MorinoseiMorizo / jparacrawl-finetune

An example usage of JParaCrawl pre-trained Neural Machine Translation (NMT) models.
http://www.kecl.ntt.co.jp/icl/lirg/jparacrawl/
102 stars 8 forks source link

Parameters for fine-tuning big model #8

Open leminhyen2 opened 2 years ago

leminhyen2 commented 2 years ago

Can you help me check if these parameters for fairseq are the same as when you tried big model to fine-tuned with JESC?

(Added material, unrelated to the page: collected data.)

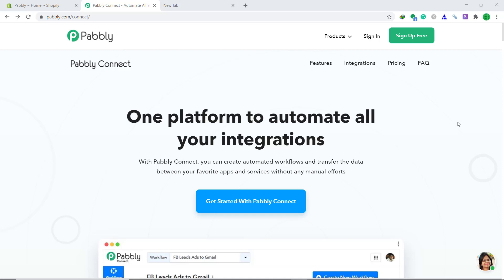Welcome to Pabbly Connect workshop. In this video we will integrate Shopify to Gmail using Pabbly Connect. Basically the idea is we are going to send automatic emails to customers via Gmail for new paid Shopify orders. But the problem is there is no flow of data between Shopify and Gmail. In such cases we need to bring a third app to integrate them both.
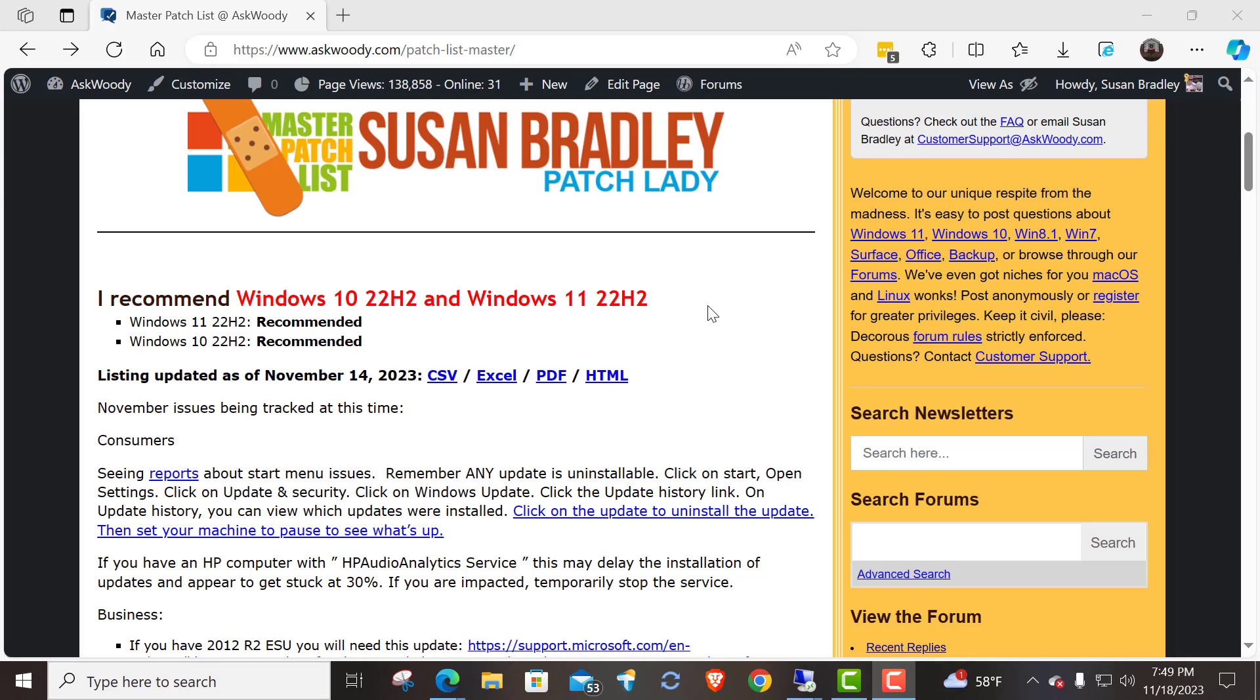remember you can always uninstall a security update. You can't uninstall what's called the servicing stack update, but I have not seen side effects directly traced to servicing stack. So when there's an update and you have to uninstall it, I'll show you the way to do that, and then you need to pause to see what's going on, and we'll wait to see if Microsoft acknowledges the issue.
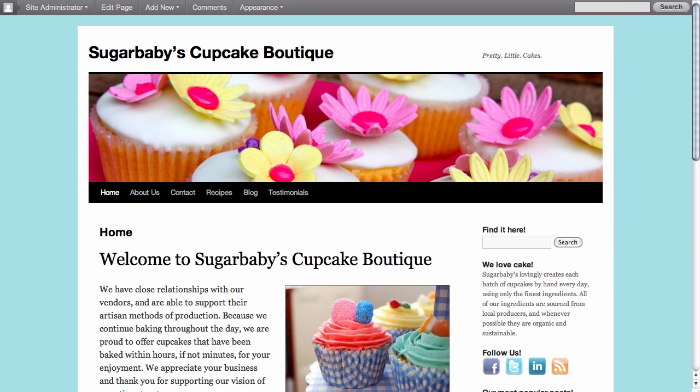Here we are on the home page of our site and what we'd like to do is add a new item to our main navigation, the menu that appears here in the header area.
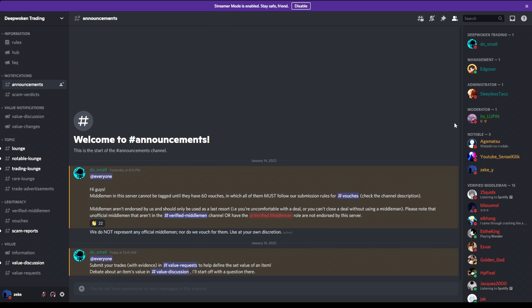All right, what's up with YouTube? Before this video ends, this video right here is like, I guess sponsored by deepwoken trading.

In comparison with your setting, I changed arch to transformer_vaswani_wmt_en_de_big, max-token to 2000 and update-freq to 40. This is based on this excerpt in the paper "For the big settings, we set the mini-batch size to 2,000 tokens and accumulated 160 mini-batches for updates"

Is this correct, or have I missed some details?

!python3 "/content/fairseq/train.py" "/content/training_process/preprocessed_data" \ --restore-file "$DIVE_LOCATION/models/ja_en/$MODEL_NAME_TO_CONTINUE_TRAINING/weights.pt" \ --arch transformer_vaswani_wmt_en_de_big \ --optimizer adam \ --adam-betas '(0.9, 0.98)' \ --clip-norm 1.0 \ --lr-scheduler inverse_sqrt \ --warmup-init-lr 1e-07 \ --warmup-updates 4000 \ --lr 0.001 \ --min-lr 1e-09 \ --dropout 0.3 \ --weight-decay 0.0 \ --criterion label_smoothed_cross_entropy \ --label-smoothing 0.1 \ --max-tokens 2000 \ --max-update 28000 \ --save-dir "/content/training_process/model" \ --no-epoch-checkpoints \ --save-interval 10000000000 \ --validate-interval 1000000000 \ --save-interval-updates 100 \ --keep-interval-updates 8 \ --log-format simple \ --log-interval 5 \ --ddp-backend no_c10d \ --update-freq 40 \ --fp16 \ --seed 42

MorinoseiMorizo commented 2 years ago

I think your parameters are OK, but I have one thing to check. How many GPUs will you use for training? If you want to accumulate 160 mini-batches for an update, you might need to change update-freq. The number of accumulated mini-batches will be update-freq number of GPUs. Thus, If you use 4 GPUs, update-freq 40 is right (40 4 = 160). But if the number of GPUs is different, please change the number according to it.

leminhyen2 commented 2 years ago

Thanks, I will be using only 1 GPU on Google Colab. (it often a P100 but if I'm lucky I got V100)

What update-freq number should I changed to? Should I change --max-tokens too? And does mini-batches accumulation affect accuracy or does it only affect training speed?